Top of Excerpted data
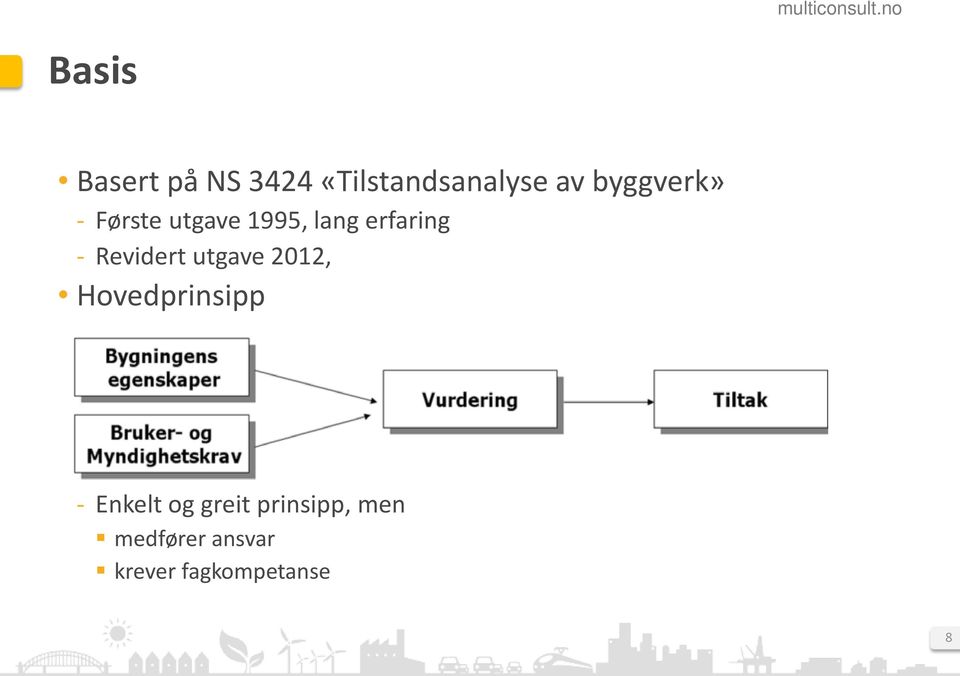 Revidert utgave 2012, Hovedprinsipp - Enkelt og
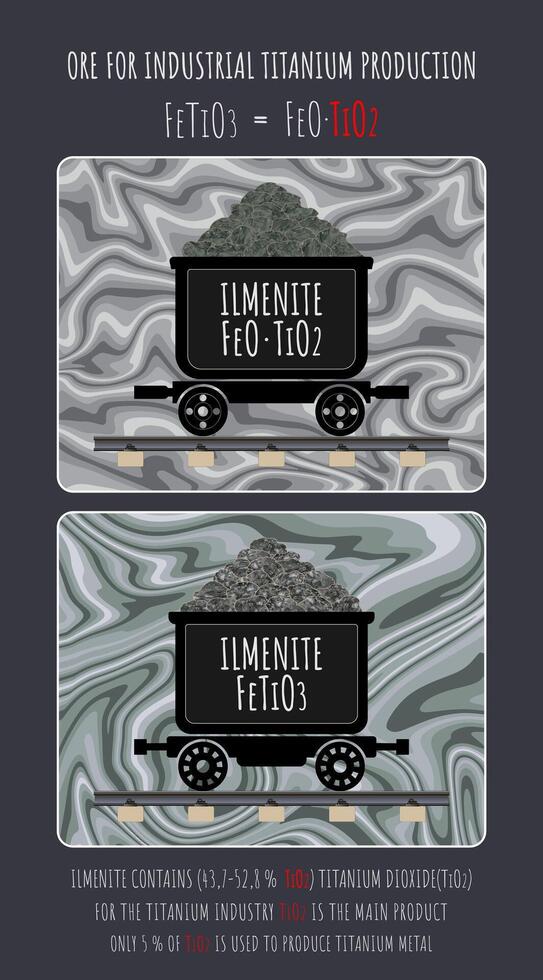 ILMENITE. Set of illustrations of ILMENITE in wheelbarrows. Titanium ore. Strategic minerals. vector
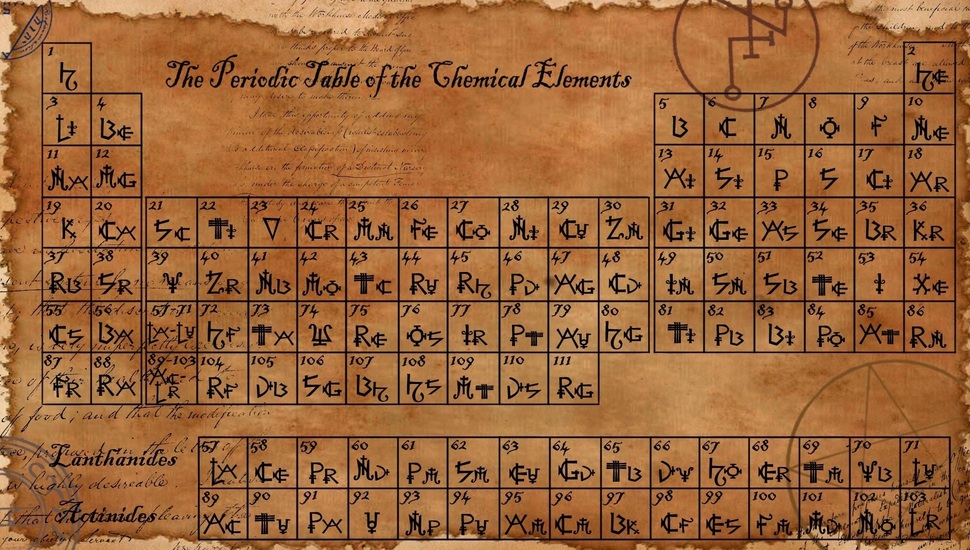 Table Of Elements, Items, Periodic, Chemistry Desktop - Periodic Table , HD Wallpaper & Backgrounds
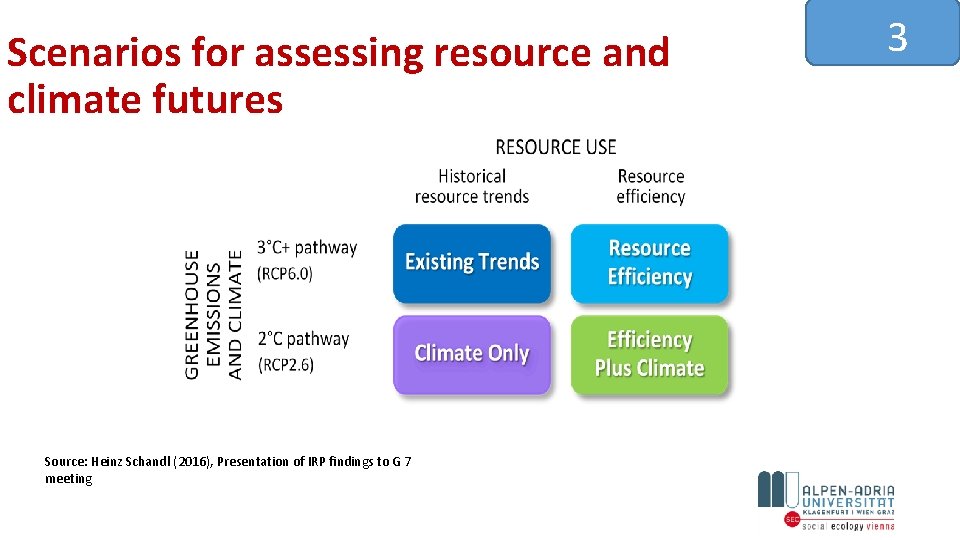 Scenarios for assessing resource and climate futures Source: Heinz Schandl (2016), Presentation of IRP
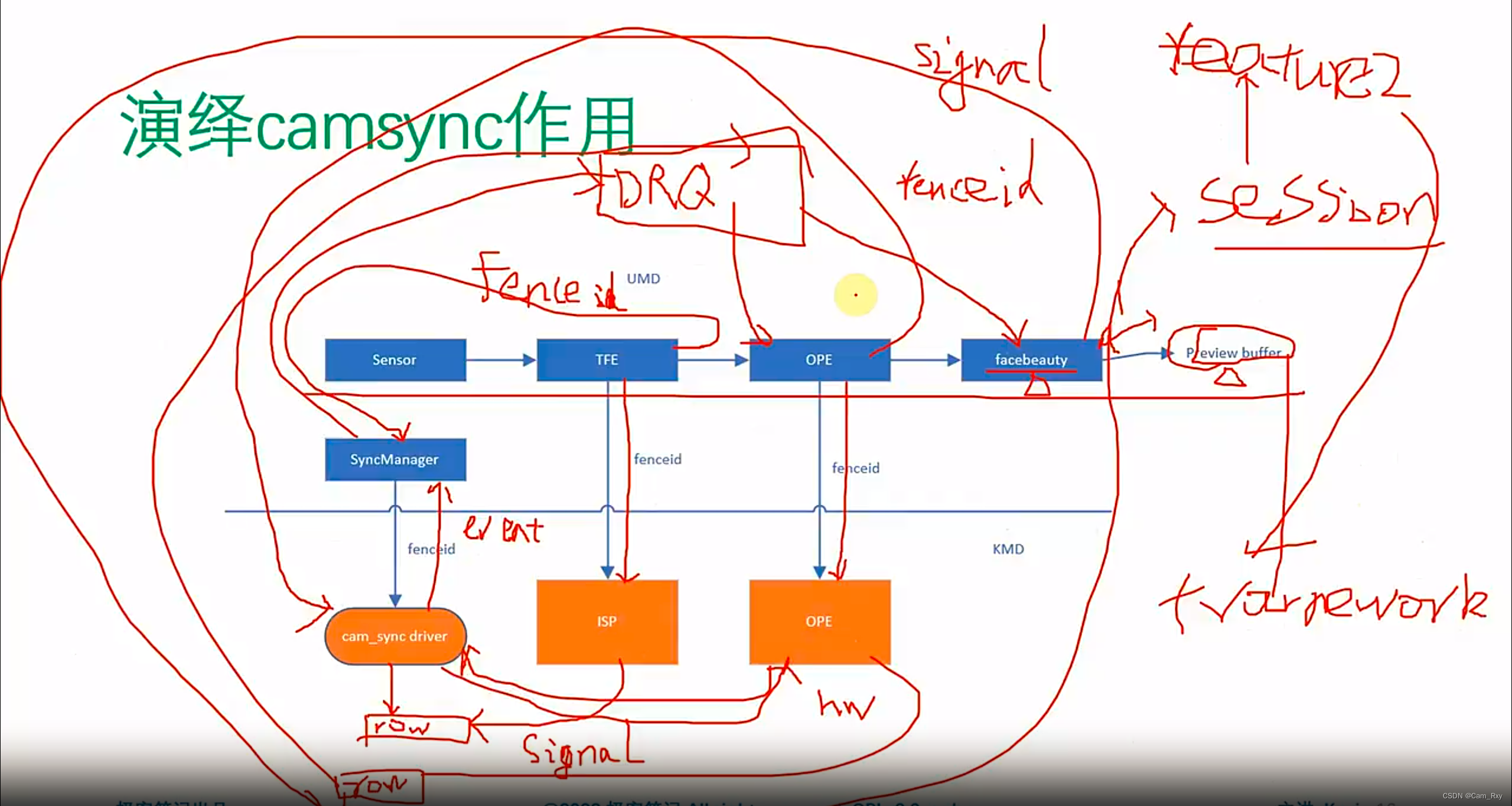 【Camera KMD ISP SubSystem笔记】CAM SYNC与DRQ①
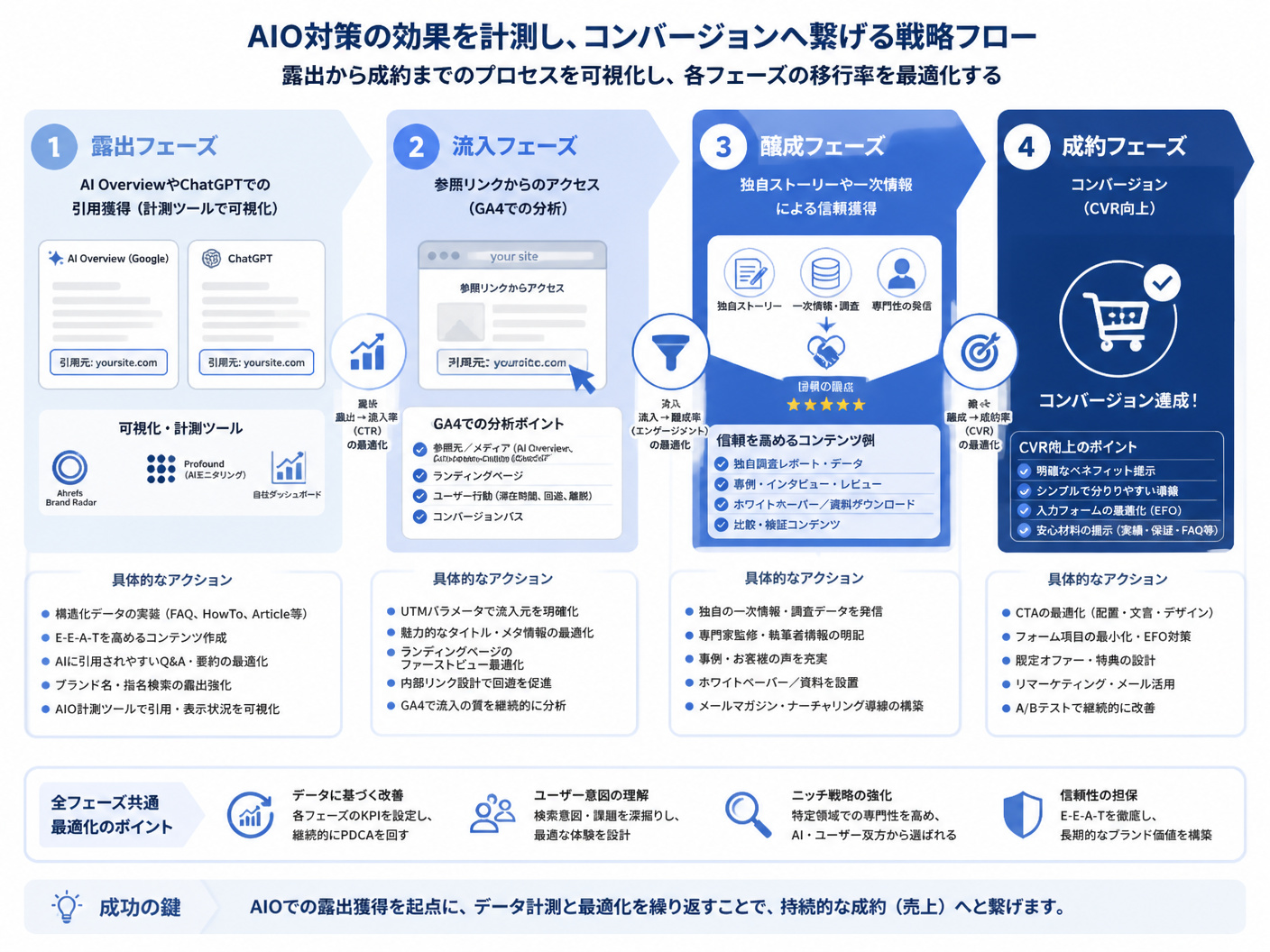 【文脈】AIO対策の効果を計測し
Bottom of Excerpted data
[What you will do] Exactly as written, please copy out the whole set of records, skipping images.

[Result]
 Revidert utgave 2012, Hovedprinsipp - Enkelt og
 ILMENITE. Set of illustrations of ILMENITE in wheelbarrows. Titanium ore. Strategic minerals. vector
 Table Of Elements, Items, Periodic, Chemistry Desktop - Periodic Table , HD Wallpaper & Backgrounds
 Scenarios for assessing resource and climate futures Source: Heinz Schandl (2016), Presentation of IRP
 【Camera KMD ISP SubSystem笔记】CAM SYNC与DRQ①
 【文脈】AIO対策の効果を計測し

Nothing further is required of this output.